Starting at the line that contains "Used 2025 Volkswagen", transcribe every remaining line of the data below exactly, and omit all pictures.
○ ○ ○
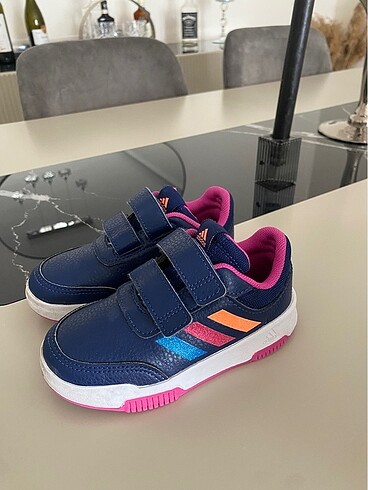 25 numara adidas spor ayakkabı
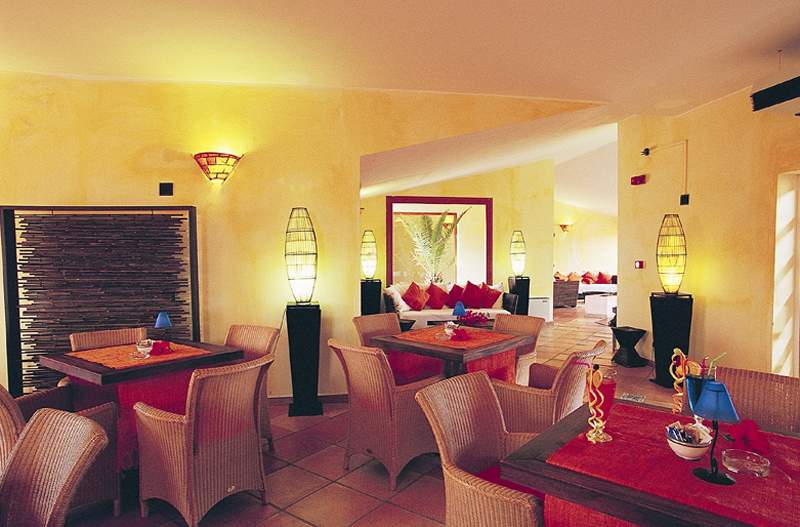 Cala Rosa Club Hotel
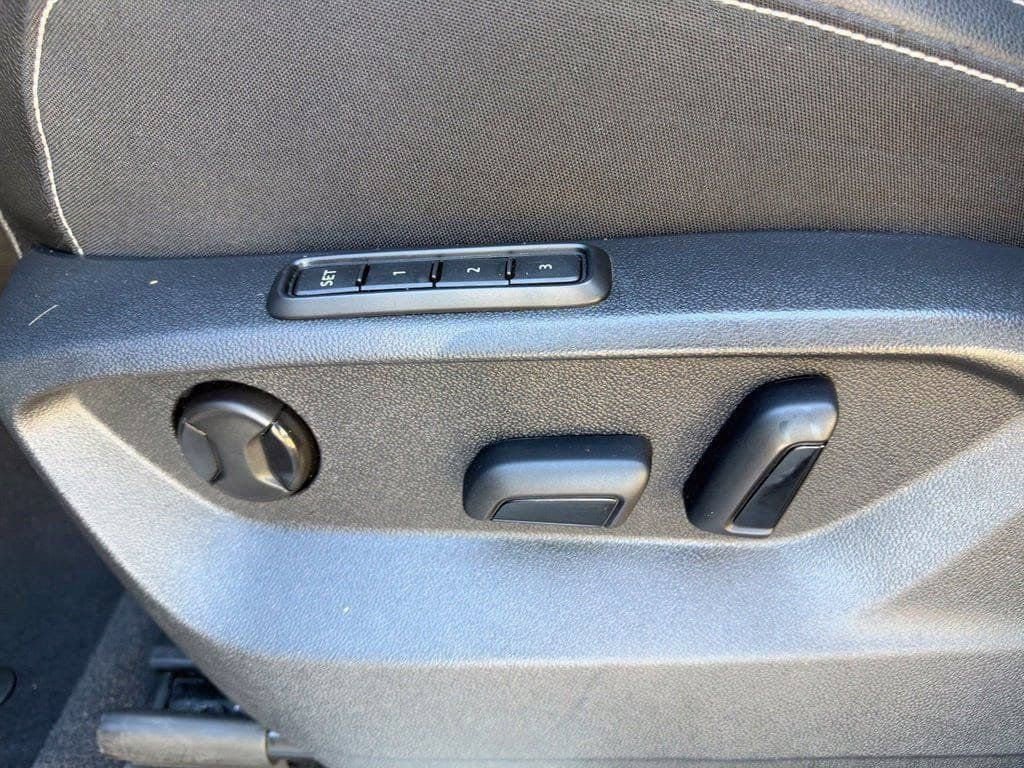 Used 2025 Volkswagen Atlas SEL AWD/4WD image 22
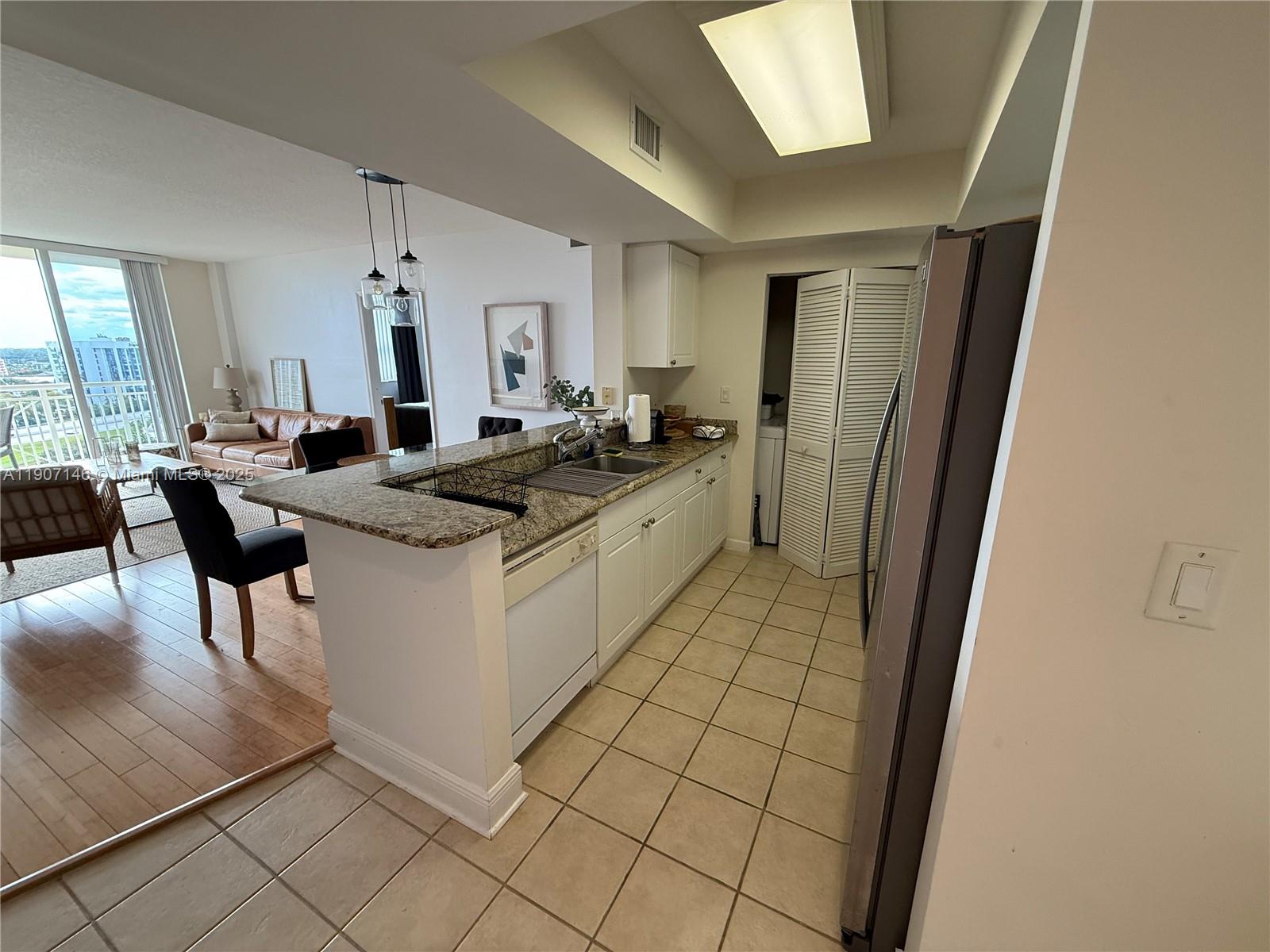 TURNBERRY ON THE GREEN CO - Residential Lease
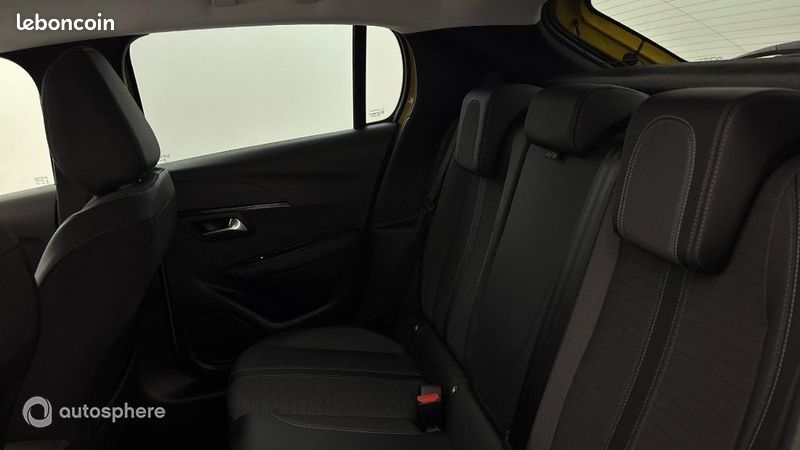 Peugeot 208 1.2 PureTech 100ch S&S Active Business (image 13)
○ ○ ○
▶ _Answer for the task_:
 Used 2025 Volkswagen Atlas SEL AWD/4WD image 22
 TURNBERRY ON THE GREEN CO - Residential Lease
 Peugeot 208 1.2 PureTech 100ch S&S Active Business (image 13)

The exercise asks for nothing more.